Share your dilemmas and get honest opinions from other Mumsnetters.

To think that the vast majority of people do not feel they have a gender identity?

999 replies

Galvantulang · 06/02/2021 21:49

My company has recently started suggesting that we can record our gender identity and preferred pronouns (these would be publicly displayed on the intranet) on our HR record system. It's optional for now, but almost everyone I asked at work when the email came out went "eh?".

Apart from the data protection issues of collecting all this extra information, AIBU to think that the majority of people don't consider themselves to have a gender identity, just their sex?

i.e. you don't identify as a man or woman, you just... are one? Confused

Watching laws and amendments to bills being proposed (especially in Scotland) based on recognising gender identity rather than biological sex, seems somewhat unreal.

Um...

Yabu = I feel like I have a gender identity.
Yanbu = I do not feel like I have a gender identity.

OP posts:
Thread gallery
5
YetAnotherSpartacus · 10/02/2021 12:50

Most of us automatically fall into this way of being

No, we don't.
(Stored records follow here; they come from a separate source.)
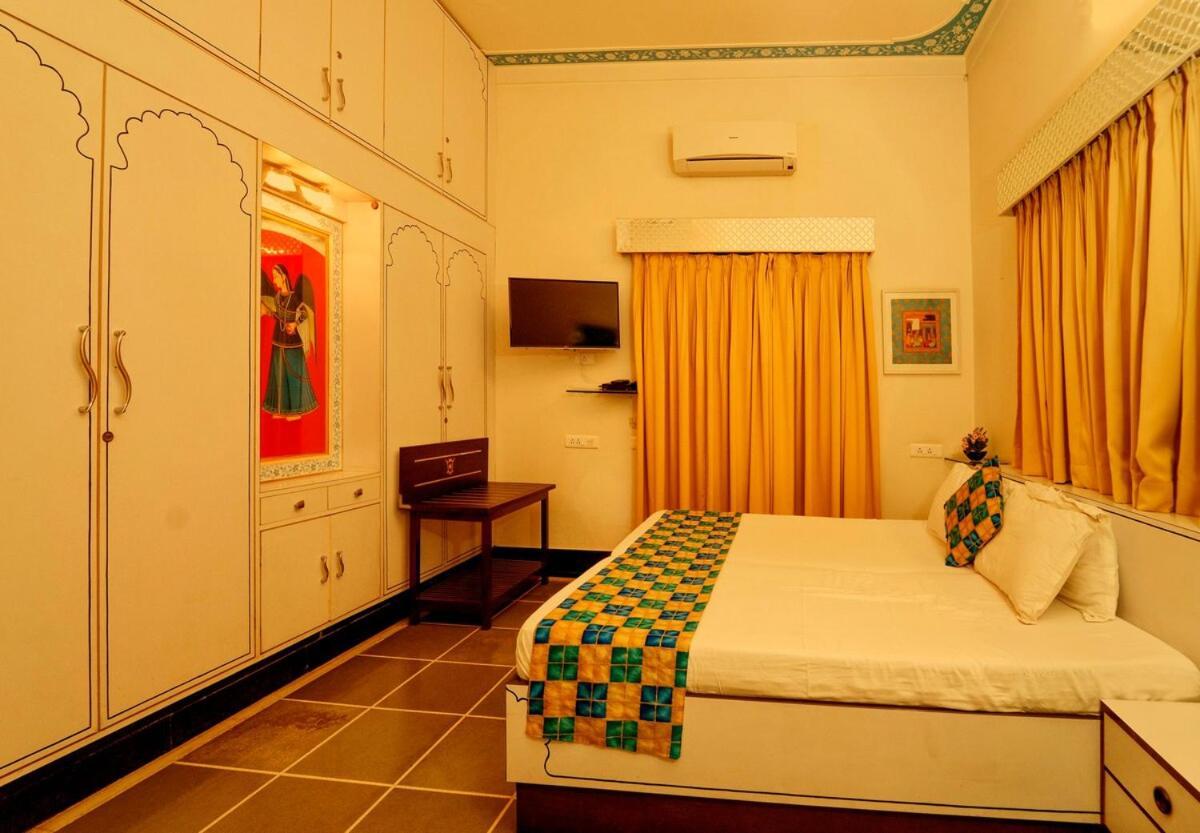 Santosh Villa - The House Of Antiques And Art Udajpur Exteriér fotografie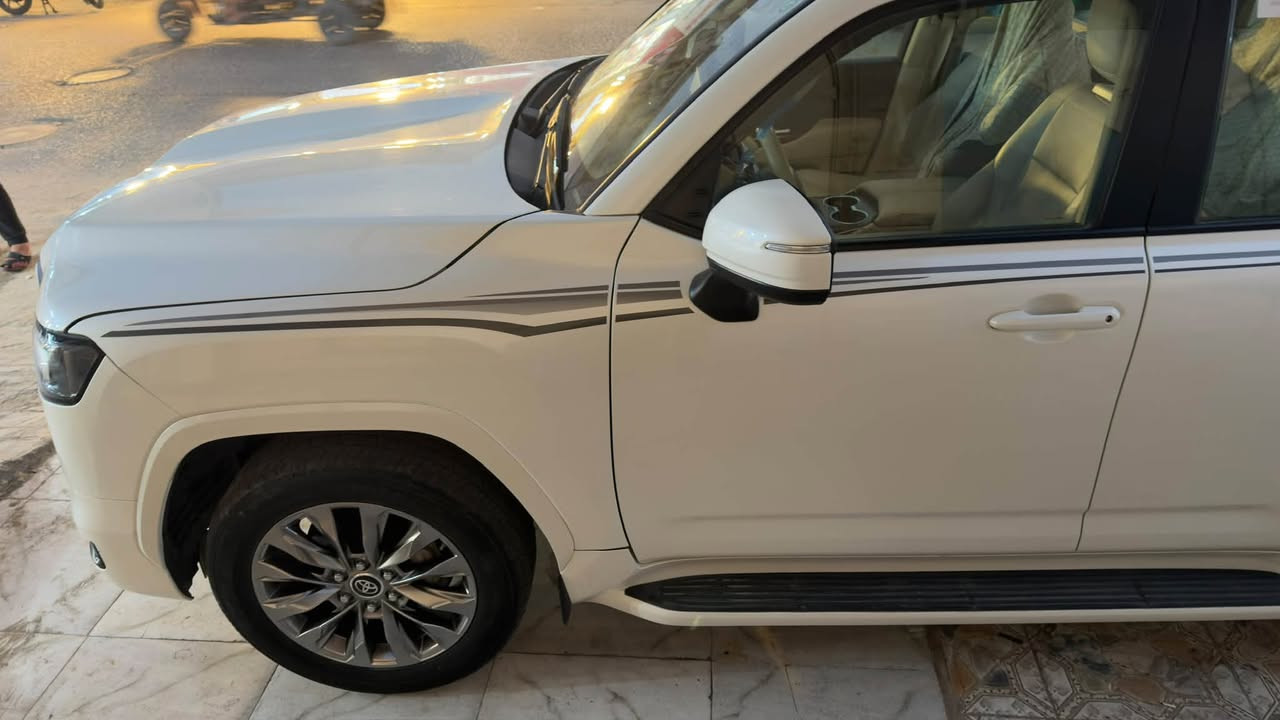 لاندكروز GX.R 2022 للبيع

مكينه 4000 تنفس طبيعي 

  ساز اصل ام التطبيق

مكفوله كفاله عامه بيه فقط BDR 

رقم بغداد بأسمي تحويل ثاني يوم

السياره جاهزه من كلشي ومبيها اي نقص  ونضيفه حيل 

فول مواصفات بفئتها ماشيه 45,000 الف 
حقيقي 

السعر - 625 وبيها مجال للطيبين
العنوان - ميسان 
الهاتف - ***********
We are conditioned from a young age and pulled into line for many elements of non-conformity. For example, men who cry are often mocked and women are called names for non-conformity to beauty norms - i.e not shaving or so on.

AskingQuestionsAllTheTime · 10/02/2021 12:50

@Proudboomer

www.dailymail.co.uk/news/article-9241217/Hospital-tells-midwives-use-terms-like-birthing-parents-human-milk.html#comments

Sorry it is a daily mail link and we all know how much mn hates the daily mail but this is true and happening just down the road from me.

This is an example to women being eroded to comply with gender identification.

Um. That article includes these two paragraphs straight after each other:

"An estimated 1 per cent of the adult population in Britain identifies as transgender or non-binary but the trans population in Brighton and Hove is thought to be larger.
"Although no official figures exist on the trans community, research has shown nearly 10 per cent of the population of Brighton and Hove identify as LGBTQ+, compared to around 2.2 per cent of the general population."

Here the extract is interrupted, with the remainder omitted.